- Written by: Rob Burnett
- Produced by: Charlie Bloom
- Starring: Marv Albert Frank Layden
- Production company: NBA Entertainment
- Distributed by: CBS/Fox Video
- Release date: 1989;
- Running time: 45 minutes
- Country: United States
- Language: English

= Dazzling Dunks and Basketball Bloopers =

Dazzling Dunks and Basketball Bloopers is a 1989 American sports compilation film that features highlights and bloopers from the NBA from its beginning to the film's release in 1989. The film is hosted by broadcaster Marv Albert and former Utah Jazz coach and executive Frank Layden.

The VHS release of the film was originally distributed free with a subscription to Sports Illustrated magazine.

A sequel, titled The All-New Dazzling Dunks and Basketball Bloopers, was made in 1990, again featuring Albert and Layden as hosts.

==Cast==
- Marv Albert
- Frank Layden

==Synopsis==
The first video contains footage of slam dunks by NBA players such as Julius Erving, Dominique Wilkins, Michael Jordan, and Darryl Dawkins, and a large number of bloopers by various players, including Danny Ainge, Bill Walton, and Frank Johnson. Recaps of NBA slam dunk contests from 1984 to 1988 are also shown.
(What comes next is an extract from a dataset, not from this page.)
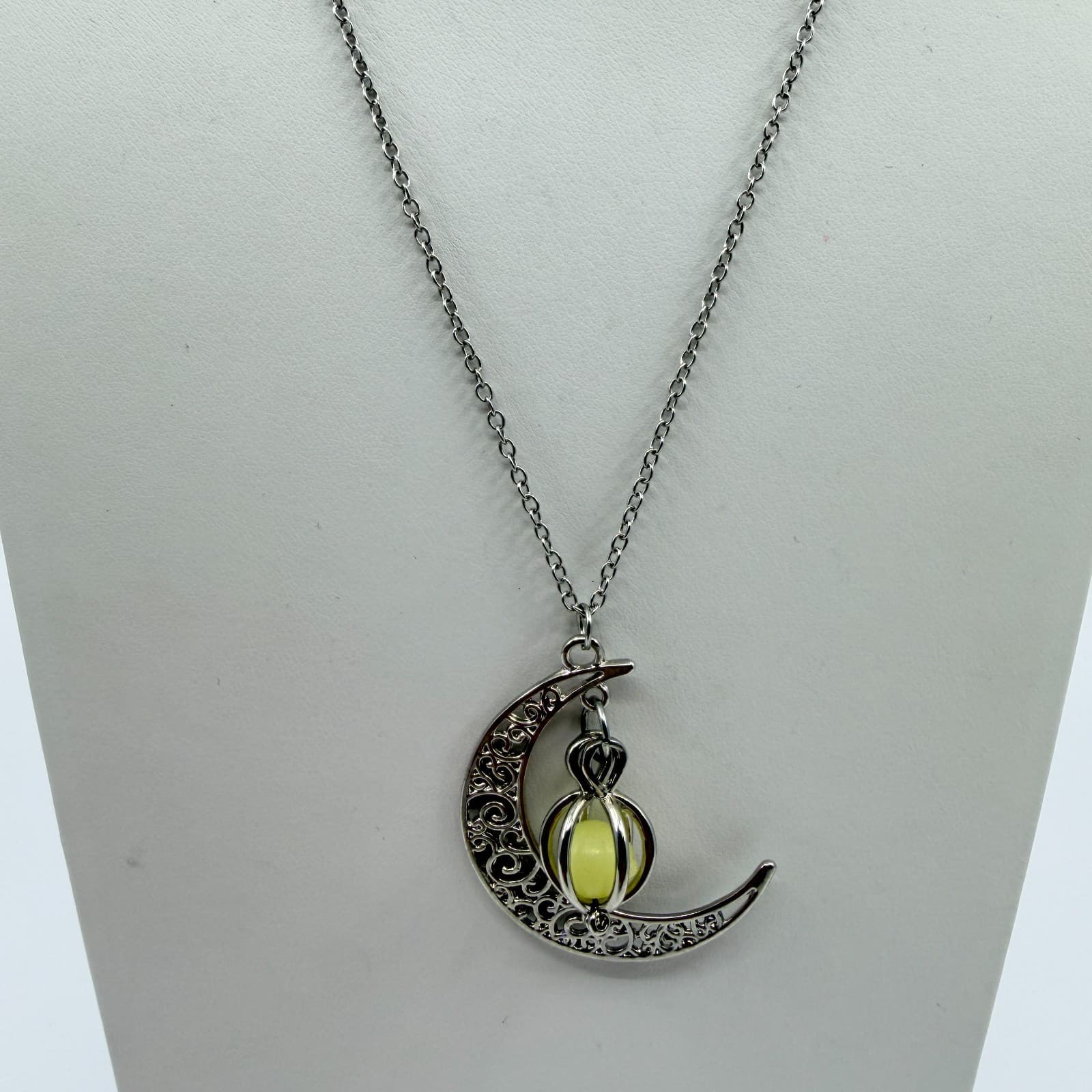 VTG Silver Tone Crescent Moon Pendant Necklace Glow Dark Luminous Orb Magic Boho - Thumbnail 2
The second video features brief biographies of NBA personalities including Darryl Dawkins, Bill Walton, John Salley and Frank Layden, as well as footage of dolphins playing basketball, a group playing basketball while riding horses and a group playing basketball on ice skates. Recaps of the 1989 and 1990 NBA slam dunk contest are also shown.